▸ **Data**:
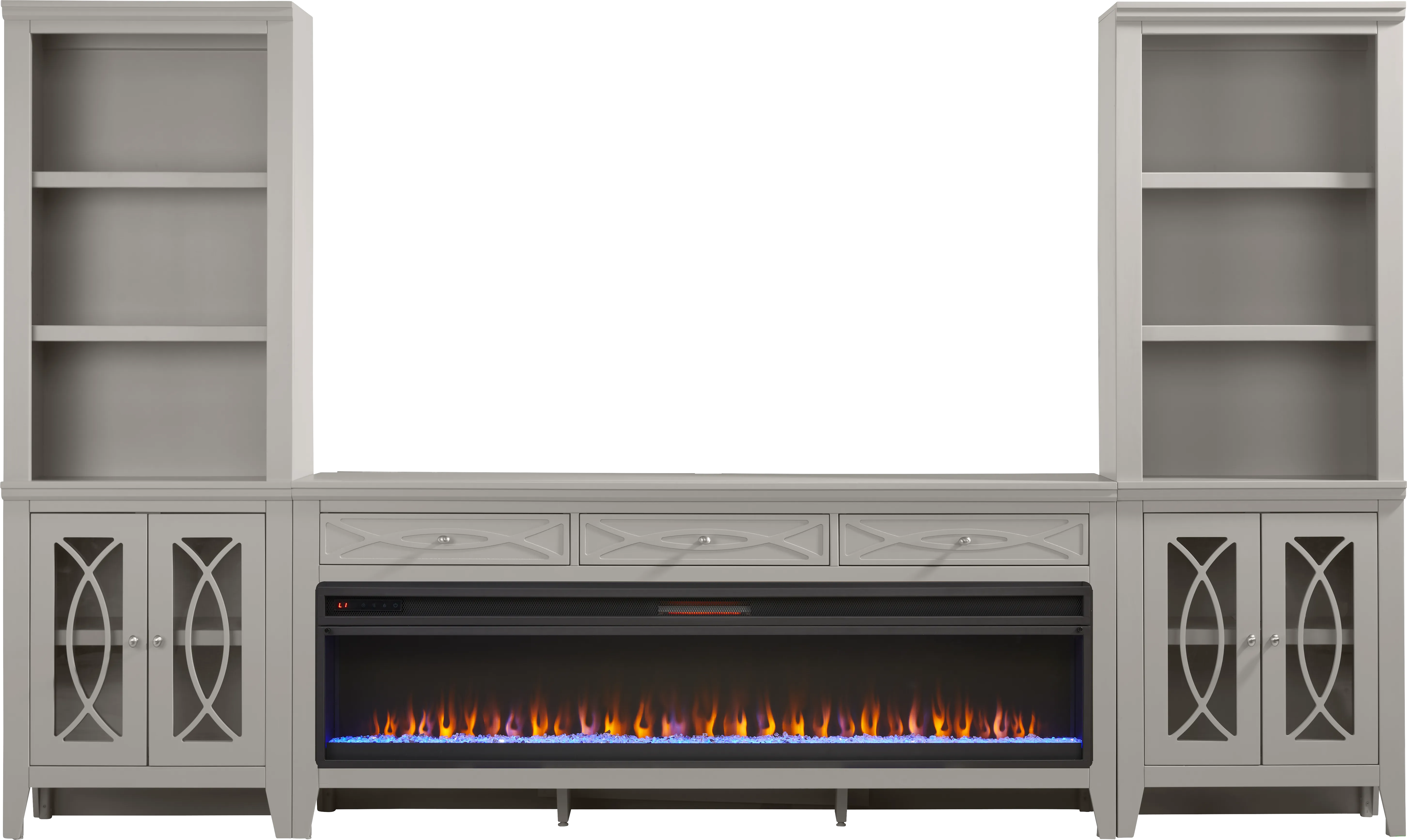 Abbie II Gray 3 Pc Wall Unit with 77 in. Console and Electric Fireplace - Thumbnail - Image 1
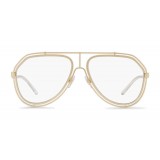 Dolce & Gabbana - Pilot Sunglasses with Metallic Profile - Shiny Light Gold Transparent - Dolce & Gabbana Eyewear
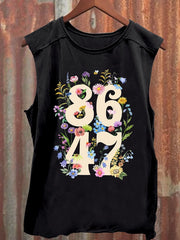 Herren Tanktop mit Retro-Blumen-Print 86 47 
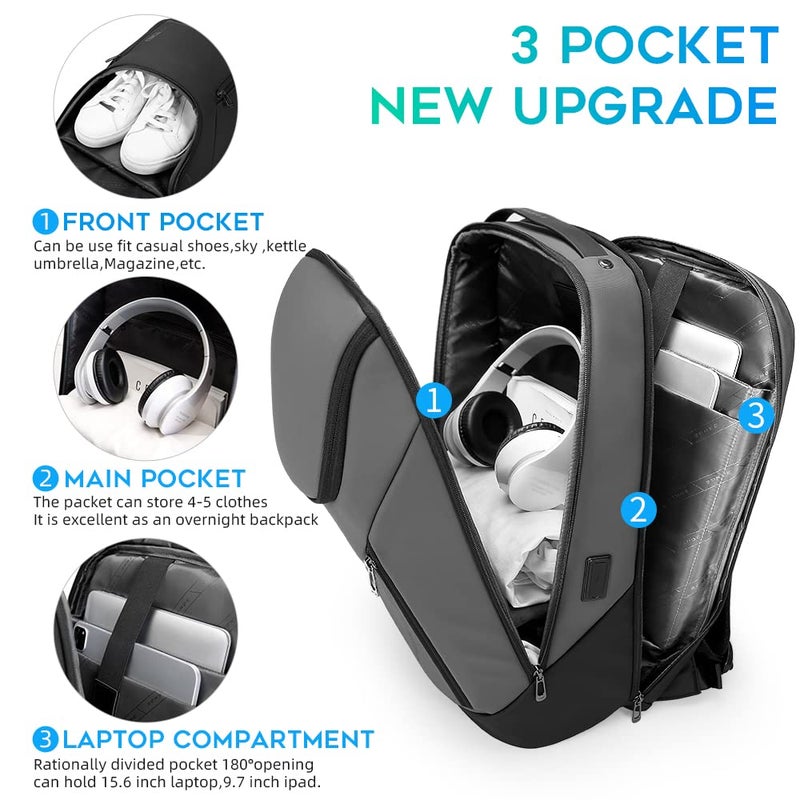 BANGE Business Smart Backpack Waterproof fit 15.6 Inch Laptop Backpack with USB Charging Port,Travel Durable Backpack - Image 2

▸ **Your instructions**:
Your copy should match the material above exactly, minus its pictures.

▸ **Response for this exercise**:
 Abbie II Gray 3 Pc Wall Unit with 77 in. Console and Electric Fireplace - Thumbnail - Image 1
 Dolce & Gabbana - Pilot Sunglasses with Metallic Profile - Shiny Light Gold Transparent - Dolce & Gabbana Eyewear
 Herren Tanktop mit Retro-Blumen-Print 86 47 
 BANGE Business Smart Backpack Waterproof fit 15.6 Inch Laptop Backpack with USB Charging Port,Travel Durable Backpack - Image 2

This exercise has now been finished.